# [GOAL OF THE EXERCISE]
Go through the listing below and return each line that includes "Protection".

# [EXTRACTED RECORDS]
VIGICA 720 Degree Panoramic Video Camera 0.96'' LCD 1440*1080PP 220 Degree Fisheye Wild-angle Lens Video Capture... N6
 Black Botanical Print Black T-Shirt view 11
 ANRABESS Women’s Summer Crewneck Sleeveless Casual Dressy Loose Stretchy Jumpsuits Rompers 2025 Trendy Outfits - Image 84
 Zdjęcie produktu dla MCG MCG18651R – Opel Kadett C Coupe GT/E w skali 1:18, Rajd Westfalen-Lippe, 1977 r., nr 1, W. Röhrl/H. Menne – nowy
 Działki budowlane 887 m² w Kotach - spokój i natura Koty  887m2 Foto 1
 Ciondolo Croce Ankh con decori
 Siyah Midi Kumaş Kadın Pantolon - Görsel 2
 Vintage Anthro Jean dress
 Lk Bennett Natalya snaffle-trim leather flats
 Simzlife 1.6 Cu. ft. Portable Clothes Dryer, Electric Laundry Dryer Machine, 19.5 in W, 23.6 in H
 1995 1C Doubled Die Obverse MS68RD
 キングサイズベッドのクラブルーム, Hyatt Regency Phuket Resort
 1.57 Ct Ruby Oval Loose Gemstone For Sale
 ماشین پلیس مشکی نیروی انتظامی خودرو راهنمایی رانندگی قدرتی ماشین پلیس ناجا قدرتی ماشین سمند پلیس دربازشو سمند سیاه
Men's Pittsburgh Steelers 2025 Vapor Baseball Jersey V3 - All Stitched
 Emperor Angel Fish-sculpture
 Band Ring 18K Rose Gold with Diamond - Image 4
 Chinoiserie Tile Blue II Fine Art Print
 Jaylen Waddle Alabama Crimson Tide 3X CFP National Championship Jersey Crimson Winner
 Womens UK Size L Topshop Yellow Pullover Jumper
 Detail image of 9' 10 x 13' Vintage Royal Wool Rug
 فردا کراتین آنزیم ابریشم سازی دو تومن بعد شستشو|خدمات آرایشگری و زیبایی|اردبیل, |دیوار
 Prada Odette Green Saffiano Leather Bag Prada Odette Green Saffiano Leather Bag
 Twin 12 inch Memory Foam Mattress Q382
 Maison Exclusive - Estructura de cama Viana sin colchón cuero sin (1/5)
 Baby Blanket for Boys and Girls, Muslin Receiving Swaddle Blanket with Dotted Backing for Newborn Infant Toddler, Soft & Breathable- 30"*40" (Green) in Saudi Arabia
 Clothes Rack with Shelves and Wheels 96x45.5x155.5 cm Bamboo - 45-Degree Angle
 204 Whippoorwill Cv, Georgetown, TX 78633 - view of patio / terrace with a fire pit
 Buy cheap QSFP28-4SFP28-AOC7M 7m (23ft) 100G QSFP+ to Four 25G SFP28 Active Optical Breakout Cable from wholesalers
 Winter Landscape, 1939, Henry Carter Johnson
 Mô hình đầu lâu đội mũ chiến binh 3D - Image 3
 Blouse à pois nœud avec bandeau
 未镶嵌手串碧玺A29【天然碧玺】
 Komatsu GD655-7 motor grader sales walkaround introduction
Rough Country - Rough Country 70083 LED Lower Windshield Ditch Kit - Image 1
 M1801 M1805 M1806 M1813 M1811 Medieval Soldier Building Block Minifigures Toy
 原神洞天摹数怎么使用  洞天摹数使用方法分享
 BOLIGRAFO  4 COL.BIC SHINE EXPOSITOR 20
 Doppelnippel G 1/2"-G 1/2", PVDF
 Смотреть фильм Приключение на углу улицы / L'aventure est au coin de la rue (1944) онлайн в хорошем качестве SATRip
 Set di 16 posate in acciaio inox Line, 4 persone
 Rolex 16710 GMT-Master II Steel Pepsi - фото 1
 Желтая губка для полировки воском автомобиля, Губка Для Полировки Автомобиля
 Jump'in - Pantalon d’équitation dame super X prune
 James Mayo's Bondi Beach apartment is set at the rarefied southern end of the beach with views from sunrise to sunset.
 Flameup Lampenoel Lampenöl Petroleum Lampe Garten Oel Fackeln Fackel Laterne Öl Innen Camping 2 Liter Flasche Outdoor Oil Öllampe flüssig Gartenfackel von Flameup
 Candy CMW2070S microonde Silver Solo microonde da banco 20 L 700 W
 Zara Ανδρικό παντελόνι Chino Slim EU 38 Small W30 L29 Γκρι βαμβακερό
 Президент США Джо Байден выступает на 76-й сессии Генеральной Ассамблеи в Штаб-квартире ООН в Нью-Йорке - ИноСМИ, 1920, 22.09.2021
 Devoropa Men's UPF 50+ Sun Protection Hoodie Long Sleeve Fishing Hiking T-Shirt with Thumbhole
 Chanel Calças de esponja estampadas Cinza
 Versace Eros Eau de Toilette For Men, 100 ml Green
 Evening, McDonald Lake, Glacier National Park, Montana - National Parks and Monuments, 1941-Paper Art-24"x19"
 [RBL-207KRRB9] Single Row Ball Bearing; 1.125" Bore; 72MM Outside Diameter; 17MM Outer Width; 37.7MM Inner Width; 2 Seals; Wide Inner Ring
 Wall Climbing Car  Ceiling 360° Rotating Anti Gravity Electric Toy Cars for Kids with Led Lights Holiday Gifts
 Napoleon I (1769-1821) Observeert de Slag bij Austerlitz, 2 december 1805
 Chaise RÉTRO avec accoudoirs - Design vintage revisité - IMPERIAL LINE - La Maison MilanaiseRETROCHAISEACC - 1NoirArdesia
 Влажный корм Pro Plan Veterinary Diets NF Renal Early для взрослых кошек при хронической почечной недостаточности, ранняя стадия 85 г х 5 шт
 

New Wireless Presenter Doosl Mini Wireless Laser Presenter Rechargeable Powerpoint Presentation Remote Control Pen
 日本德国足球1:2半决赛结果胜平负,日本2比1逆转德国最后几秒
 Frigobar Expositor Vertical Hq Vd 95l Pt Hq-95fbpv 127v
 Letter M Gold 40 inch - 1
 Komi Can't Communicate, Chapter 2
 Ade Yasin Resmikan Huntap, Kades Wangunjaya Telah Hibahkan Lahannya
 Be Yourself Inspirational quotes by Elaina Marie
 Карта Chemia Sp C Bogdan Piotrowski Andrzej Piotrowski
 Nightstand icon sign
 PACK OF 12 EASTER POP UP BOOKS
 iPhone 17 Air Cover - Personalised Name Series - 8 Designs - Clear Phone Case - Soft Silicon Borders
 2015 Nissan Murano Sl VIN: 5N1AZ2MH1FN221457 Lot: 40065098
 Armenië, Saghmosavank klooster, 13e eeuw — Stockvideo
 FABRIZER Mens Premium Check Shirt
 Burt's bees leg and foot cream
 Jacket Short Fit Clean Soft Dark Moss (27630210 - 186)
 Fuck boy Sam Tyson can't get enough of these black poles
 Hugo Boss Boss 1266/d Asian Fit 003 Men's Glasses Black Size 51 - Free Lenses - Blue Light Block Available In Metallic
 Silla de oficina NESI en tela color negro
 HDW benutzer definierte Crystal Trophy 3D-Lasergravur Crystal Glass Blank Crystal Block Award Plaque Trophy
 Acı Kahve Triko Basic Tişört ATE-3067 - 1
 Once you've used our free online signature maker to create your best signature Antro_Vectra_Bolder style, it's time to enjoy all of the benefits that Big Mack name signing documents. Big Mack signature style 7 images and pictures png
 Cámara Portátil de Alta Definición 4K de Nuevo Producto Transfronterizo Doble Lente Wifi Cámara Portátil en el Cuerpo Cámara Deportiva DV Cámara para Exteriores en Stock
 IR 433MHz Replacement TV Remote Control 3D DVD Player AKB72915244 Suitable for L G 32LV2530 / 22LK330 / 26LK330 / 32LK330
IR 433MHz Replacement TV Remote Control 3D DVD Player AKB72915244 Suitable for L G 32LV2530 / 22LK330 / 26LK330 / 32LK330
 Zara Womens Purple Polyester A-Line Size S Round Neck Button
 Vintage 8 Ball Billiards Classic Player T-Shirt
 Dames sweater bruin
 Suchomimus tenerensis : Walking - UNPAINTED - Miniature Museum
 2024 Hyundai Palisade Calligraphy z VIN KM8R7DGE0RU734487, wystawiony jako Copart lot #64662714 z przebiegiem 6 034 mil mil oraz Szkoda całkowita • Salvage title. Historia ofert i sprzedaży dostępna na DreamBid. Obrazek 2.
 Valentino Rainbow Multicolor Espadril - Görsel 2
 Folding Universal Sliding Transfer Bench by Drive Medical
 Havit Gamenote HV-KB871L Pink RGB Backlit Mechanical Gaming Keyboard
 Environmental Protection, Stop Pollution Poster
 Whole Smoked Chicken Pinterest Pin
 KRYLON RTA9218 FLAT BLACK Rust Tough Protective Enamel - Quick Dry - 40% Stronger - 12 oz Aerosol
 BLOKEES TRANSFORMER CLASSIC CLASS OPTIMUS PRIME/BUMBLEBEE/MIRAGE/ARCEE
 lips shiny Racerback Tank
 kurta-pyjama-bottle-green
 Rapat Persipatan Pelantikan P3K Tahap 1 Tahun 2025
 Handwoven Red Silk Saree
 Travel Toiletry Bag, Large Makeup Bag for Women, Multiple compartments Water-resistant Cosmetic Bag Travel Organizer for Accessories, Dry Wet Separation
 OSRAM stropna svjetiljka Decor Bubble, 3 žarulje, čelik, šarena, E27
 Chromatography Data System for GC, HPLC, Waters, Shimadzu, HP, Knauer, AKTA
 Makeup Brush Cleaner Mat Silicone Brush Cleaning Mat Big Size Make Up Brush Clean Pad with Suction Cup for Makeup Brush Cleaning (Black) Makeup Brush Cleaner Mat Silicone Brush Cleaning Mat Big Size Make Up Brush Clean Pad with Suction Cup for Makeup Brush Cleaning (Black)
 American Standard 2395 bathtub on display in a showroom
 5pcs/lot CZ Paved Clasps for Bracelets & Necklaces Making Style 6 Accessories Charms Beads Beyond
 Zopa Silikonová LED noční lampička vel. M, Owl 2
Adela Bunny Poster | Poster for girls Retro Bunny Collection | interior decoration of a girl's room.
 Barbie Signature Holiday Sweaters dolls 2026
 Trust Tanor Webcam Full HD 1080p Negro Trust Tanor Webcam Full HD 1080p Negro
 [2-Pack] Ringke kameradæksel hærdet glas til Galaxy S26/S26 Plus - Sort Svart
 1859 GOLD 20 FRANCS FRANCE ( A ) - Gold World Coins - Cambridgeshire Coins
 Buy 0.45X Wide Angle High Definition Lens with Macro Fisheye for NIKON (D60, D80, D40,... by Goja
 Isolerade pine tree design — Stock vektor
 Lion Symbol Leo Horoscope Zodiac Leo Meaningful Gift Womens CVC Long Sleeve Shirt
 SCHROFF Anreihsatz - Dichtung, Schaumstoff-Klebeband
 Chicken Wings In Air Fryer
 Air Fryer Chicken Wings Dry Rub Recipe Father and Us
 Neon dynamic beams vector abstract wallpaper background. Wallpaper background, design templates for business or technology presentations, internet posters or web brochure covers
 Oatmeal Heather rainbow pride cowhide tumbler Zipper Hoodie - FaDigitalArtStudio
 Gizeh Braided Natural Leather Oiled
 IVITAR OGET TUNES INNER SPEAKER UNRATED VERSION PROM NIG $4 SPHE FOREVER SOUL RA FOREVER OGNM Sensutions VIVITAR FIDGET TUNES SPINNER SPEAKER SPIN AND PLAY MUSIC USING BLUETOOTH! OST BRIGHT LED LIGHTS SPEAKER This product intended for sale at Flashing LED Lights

# [ANSWER SECTION]
 Devoropa Men's UPF 50+ Sun Protection Hoodie Long Sleeve Fishing Hiking T-Shirt with Thumbhole
 Environmental Protection, Stop Pollution Poster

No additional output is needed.